• [WHAT NEEDS TO BE DONE] Quote the records below word for word, please, from the very first line through the one that contains "22_26925_DRHEAM CUP", and nothing beyond it.

• [THE RECORDS]
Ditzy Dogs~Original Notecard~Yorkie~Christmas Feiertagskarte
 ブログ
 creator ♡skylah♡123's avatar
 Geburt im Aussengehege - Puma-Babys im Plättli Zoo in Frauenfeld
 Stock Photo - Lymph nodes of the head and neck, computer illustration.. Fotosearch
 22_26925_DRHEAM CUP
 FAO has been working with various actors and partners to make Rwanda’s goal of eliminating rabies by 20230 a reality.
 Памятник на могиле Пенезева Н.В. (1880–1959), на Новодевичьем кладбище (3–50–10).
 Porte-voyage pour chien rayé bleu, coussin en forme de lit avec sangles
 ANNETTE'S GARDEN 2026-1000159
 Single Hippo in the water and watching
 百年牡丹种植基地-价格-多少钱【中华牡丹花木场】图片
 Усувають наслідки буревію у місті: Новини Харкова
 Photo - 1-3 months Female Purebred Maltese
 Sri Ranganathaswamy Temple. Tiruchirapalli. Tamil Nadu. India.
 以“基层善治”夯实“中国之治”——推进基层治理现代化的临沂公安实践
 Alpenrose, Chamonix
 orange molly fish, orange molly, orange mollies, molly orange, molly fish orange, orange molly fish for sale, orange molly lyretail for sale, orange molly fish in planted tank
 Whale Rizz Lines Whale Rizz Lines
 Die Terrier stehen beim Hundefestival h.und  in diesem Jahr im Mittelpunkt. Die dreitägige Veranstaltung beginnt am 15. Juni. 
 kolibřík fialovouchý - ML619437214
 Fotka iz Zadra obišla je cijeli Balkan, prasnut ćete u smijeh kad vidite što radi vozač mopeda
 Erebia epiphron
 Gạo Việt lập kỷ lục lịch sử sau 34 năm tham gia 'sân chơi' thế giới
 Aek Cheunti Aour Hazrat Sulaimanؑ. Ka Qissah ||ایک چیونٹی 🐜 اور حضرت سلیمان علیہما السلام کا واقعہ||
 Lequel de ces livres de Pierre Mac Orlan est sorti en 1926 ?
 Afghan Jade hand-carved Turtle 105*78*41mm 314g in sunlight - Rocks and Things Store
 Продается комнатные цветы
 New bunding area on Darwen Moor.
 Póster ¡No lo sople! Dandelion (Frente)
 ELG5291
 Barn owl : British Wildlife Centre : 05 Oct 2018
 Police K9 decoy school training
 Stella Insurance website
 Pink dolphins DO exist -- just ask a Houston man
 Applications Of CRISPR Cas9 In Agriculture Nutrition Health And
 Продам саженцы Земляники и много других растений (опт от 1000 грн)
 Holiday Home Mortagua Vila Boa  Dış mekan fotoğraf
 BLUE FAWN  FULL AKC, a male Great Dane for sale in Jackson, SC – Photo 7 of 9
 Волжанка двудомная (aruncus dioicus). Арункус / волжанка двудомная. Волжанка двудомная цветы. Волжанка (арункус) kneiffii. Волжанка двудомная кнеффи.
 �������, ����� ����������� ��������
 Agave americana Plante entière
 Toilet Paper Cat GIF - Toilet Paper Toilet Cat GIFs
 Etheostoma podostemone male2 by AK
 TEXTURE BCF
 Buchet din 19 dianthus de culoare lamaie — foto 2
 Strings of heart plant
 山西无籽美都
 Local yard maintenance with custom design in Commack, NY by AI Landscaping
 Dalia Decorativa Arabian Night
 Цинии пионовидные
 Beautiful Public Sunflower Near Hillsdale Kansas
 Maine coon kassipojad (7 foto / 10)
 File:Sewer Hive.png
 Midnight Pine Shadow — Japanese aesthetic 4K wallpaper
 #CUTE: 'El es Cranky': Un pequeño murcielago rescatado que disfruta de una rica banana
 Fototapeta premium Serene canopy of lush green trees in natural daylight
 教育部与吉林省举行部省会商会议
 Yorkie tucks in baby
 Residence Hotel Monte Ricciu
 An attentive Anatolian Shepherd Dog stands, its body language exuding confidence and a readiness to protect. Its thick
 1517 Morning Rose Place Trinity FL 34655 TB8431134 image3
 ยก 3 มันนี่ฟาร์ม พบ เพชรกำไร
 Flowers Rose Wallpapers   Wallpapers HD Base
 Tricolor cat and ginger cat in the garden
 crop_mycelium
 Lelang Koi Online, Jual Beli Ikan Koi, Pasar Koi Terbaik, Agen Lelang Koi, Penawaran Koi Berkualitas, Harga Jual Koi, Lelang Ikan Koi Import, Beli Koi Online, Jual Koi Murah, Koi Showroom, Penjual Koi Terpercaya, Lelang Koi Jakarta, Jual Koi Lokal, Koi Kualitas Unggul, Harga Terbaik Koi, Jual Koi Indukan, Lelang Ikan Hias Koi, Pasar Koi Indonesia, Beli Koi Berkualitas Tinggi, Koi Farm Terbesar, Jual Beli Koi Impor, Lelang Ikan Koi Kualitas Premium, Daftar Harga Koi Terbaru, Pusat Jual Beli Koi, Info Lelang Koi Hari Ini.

• [YOUR RESPONSE]
Ditzy Dogs~Original Notecard~Yorkie~Christmas Feiertagskarte
 ブログ
 creator ♡skylah♡123's avatar
 Geburt im Aussengehege - Puma-Babys im Plättli Zoo in Frauenfeld
 Stock Photo - Lymph nodes of the head and neck, computer illustration.. Fotosearch
 22_26925_DRHEAM CUP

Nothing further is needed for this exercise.